Why Are Companies Asking Sci-Fi Writers To Imagine Their Future?

Would you trust Nostradamus with the future of your business?

I expect most of us would say no. You don’t develop the skills, experience, and knowledge to succeed in your industry, only to look to the stars for advice.

Yet, in many ways, that is what some major companies are starting to do in an effort to remain innovative, and escape the boundaries of their own understanding in the pursuit of new ideas that could redefine the way we live our lives.

Their seers are not astrologers or fortune tellers, however. They are science fiction writers; authors whose visions of humanity’s future were written to entertain, but now serve to inspire those whose role it is to bring these visions to life.

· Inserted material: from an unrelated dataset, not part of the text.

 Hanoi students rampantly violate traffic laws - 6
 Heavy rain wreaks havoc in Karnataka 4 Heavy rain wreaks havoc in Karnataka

It sounds crazy, but for companies looking to gain an edge on their competition, it makes sense. In 1888’s Looking Backward, Edward Bellamy created the concept of the credit card. Earbuds came to life in Ray Bradbury’s Fahrenheit 451. And when Jules Verne wrote From the Earth to the Moon, he didn’t just predict the principles of astronautics, he defined them. Looking at these examples, it seems almost crazier not to consult with sci-fi writers.

But it’s not just the ideas for products or concepts that intrigue businesses. Ultimately, sci-fi is not about proposing how cool future gizmos will be, but the impact their presence would have on the psychology of individuals in a society in which they actually existed. There’s few better examples than William Gibson’s Neuromancer, which predicted many of the negative traits of Internet culture at a time when personal computers were still a novelty. Taken as a hypothesis on how people would abuse such a vast network, could solutions to some of the Internet’s most prominent issues been formulated before the issues themselves existed?

Such questions led to Intel founding The Tomorrow Project in 2011. Applicants were asked to write short stories based on projects in development at Intel labs, in order to see whether the authors thought of any uses or flaws that the scientists have overlooked. Though the project site is no longer online, you can read some of the resulting stories here.

Intel futurist Brian David Johnson explains
the value of The Tomorrow Project.

Companies including Ford, Fox Digital Studios, and Pepsico followed suit. And as interest bloomed, savvy writers found ways to take advantage of it.

Ari Popper was President of a media-research company when he decided to take a ten-week course on science-fiction writing. It changed his life. He wanted to spend every day bringing futuristic ideas to life on the page. But he knew there was no money in being ‘just’ an author.

So he quit his job in order to found SciFutures, a ‘corporate visioning’ firm that creates branded content in the form of sci-fi short fiction.

In an interview with The New Yorker, Popper and his team explain that while there are certainly challenges when it comes to pairing a writer’s vision with brand needs – you can’t exactly write a story about a surveillance state for Samsung – the end result is always worth it.

“As a freelancing gig, it’s not much money”, says Hugo-Award winner Ken Liu. “But you have the chance to shape and impact the development of a technology that matters to you.”

The stories are used not only to influence the public, but executives within the client’s organisation. In some cases, they serve as an elaborate pitch for a new product, presenting it in a fashion that portrays its value in a way statistics and market analysis cannot.

Of course, it’s all based on prediction. But unlike the seers of old, sci-fi writers are developing their ideas around a bastion of knowable truth: the human psyche. That alone makes their stories worth reading for anyone in business.